Shoulda hired Yvain to retell them :)
We tried that experiment, but Yvain was heading off to a new job and his first stab didn't seem to be a quick fix.
I wasn't especially happy with the reception / effects of publishing the unpolished TDT draft.
66$, with some help of a friend.
I've only just now gotten a job, and may owe my dad too much money to make this donation drive, but I'll see what I can do. If things go as planned, I might be able to give 700 by the deadline.
Also, isn't three weeks something of a short window?
Paycheck came in, donated the 700!
I'm still surprised that it took you two weeks before mentioning it in LessWrong. Was this delay by neglect or design?
In part, we wanted to learn something about the degree to which donors are following the blog, following our newsletter, or following Less Wrong. I also wanted to be able to link from this post to a forthcoming interview with Benja Fallenstein that explains in more detail what we actually do at the workshops and why, but that was taking too long to complete, so I decided to just hurry up and post.
Data point: I was following the blog, which is where I first heard about the drive, but it was the comments on this thread which got me to finally donate.
The links to Eliezer's Open Problems in FAI papers are broken.
For the goal of eventually creating FAI, it seems work can be roughly divided into making the first AGI (1) have humane values and (2) keep those values. Current attention seems to be focused on the 2nd category of problems. The work I've seen in the first category: CEV (9 years old!), Paul Christiano's man-in-a-box indirect normativity, Luke's decision neuroscience, Daniel Dewey's value learning... I really like these approaches but they are only very early starting points compared to what will eventually be required.

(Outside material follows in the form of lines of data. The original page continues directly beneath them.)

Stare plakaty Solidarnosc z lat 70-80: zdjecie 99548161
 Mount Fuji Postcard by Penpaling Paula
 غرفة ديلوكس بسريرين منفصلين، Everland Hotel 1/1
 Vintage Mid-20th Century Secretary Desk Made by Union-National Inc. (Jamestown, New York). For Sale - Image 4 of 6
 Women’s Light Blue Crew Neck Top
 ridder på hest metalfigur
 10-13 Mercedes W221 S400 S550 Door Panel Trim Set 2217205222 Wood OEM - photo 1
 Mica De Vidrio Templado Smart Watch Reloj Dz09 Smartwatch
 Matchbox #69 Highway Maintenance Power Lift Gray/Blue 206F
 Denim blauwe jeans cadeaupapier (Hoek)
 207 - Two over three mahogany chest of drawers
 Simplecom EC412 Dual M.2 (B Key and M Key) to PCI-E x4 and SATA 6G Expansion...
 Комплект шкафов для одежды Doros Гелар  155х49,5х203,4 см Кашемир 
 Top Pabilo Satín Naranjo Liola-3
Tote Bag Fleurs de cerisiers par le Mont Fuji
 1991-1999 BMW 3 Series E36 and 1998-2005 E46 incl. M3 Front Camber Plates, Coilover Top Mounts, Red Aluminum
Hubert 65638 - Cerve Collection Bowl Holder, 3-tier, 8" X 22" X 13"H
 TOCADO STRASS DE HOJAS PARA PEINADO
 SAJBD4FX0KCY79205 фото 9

Do you have any plans to tackle the hu... (read more)
Yes. The next open problem description in Eliezer's writing queue is in this category.
I think small donors should also state their donations amounts of 50-100 dollars. Having counted the medium and large donations in this thread to a rough total of 11,000 dollars, it seems unlikely that the goal is being reached with just those, and I have a feeling there will be some sort of "breaking the ice" effect if small donors chirped up about their chip ins, so to speak. Right now the number of medium and large donors represented in this thread eclipses the smalls.
I was going to donate (a not-huge amount) but I can't because Paypal won't accept my credit card. Don't know why. I did have a Paypal account that got blocked years ago for some unknown reason that I've never bothered to fix since it requires faxing documentation or some such nonsense.
I wonder, if this community has the allegiance of at least 100 rationalists in the 80th percentile for rationality, how much money could be raised if all of them tried to form separate start-ups as feeder companies for MIRI?